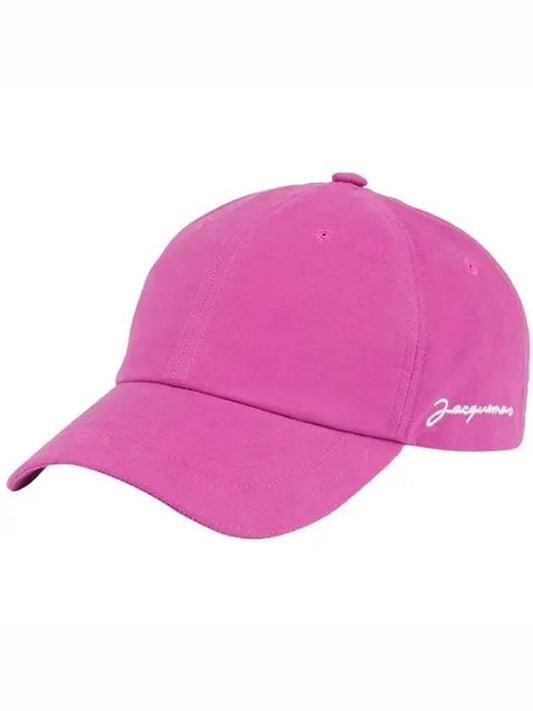 Jacquemus LA CASQUETTE baseball cap pink - JACQUEMUS - BALAAN 1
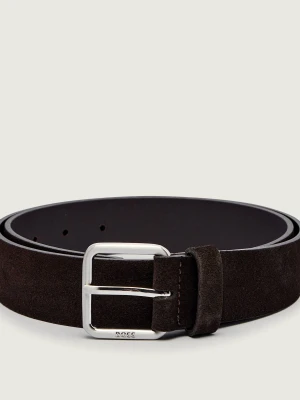 BOSS BLACK Pasek Jybb-Sd_Sz35 | zamsz brązowy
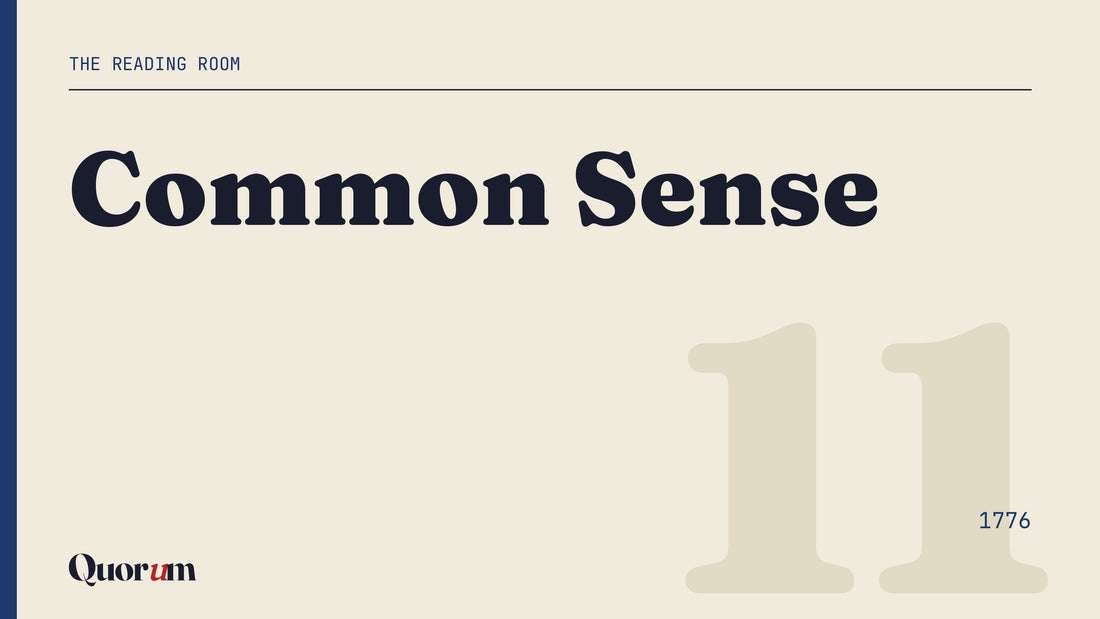 Common Sense, a Reading Room essay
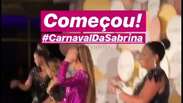 Com body rosa decotado, Sabrina Sato avalia 1º Carnaval com Zoe: 'Vou dar conta'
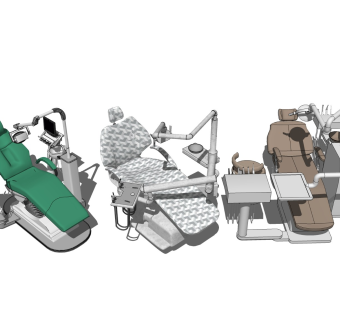 牙齿体检床 医用躺椅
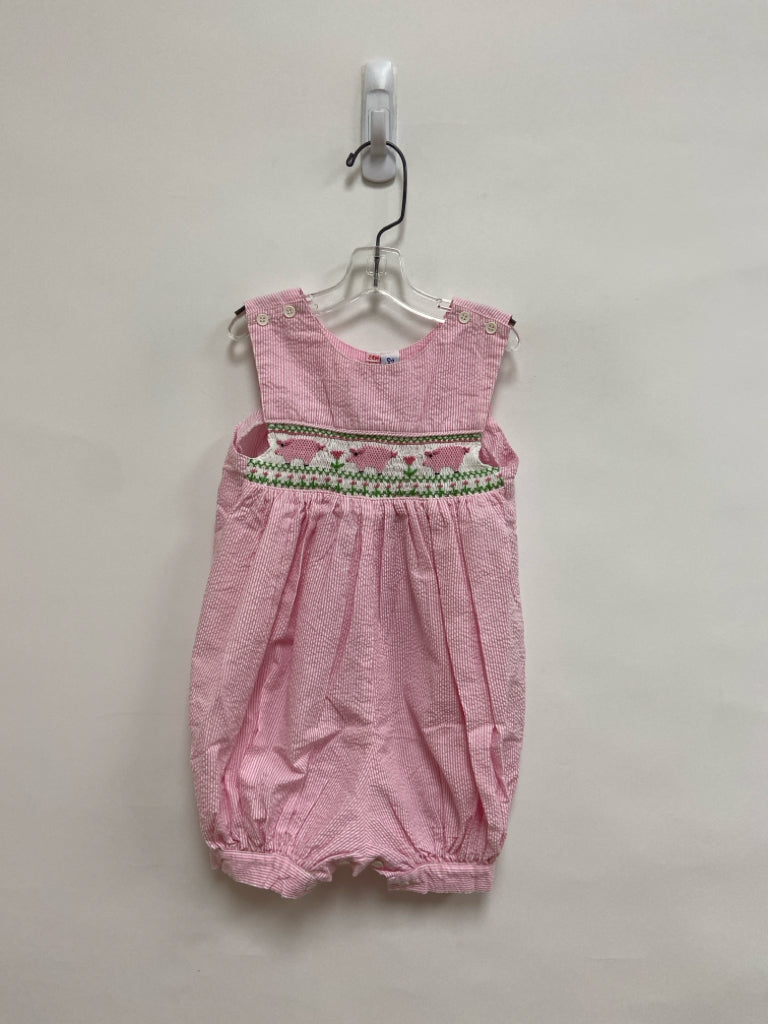 Orient Expressed Inc. SIZE 24M Pink/White Smocking Sleeveless Girl&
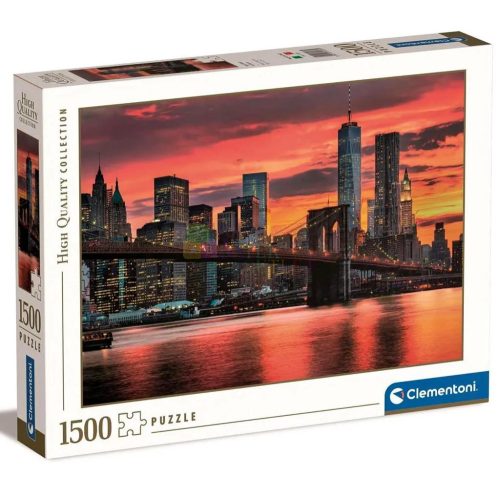 Clementoni Keleti folyó alkonyatkor, 1500 darabos puzzle csomag, 00656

WHAT THIS TASK INVOLVES » Each line of the material above should be set down exactly, with no pictures.

ANSWER BOX »
 Jacquemus LA CASQUETTE baseball cap pink - JACQUEMUS - BALAAN 1
 BOSS BLACK Pasek Jybb-Sd_Sz35 | zamsz brązowy
 Common Sense, a Reading Room essay
 Com body rosa decotado, Sabrina Sato avalia 1º Carnaval com Zoe: 'Vou dar conta'
 牙齿体检床 医用躺椅
 Orient Expressed Inc. SIZE 24M Pink/White Smocking Sleeveless Girl&
 Clementoni Keleti folyó alkonyatkor, 1500 darabos puzzle csomag, 00656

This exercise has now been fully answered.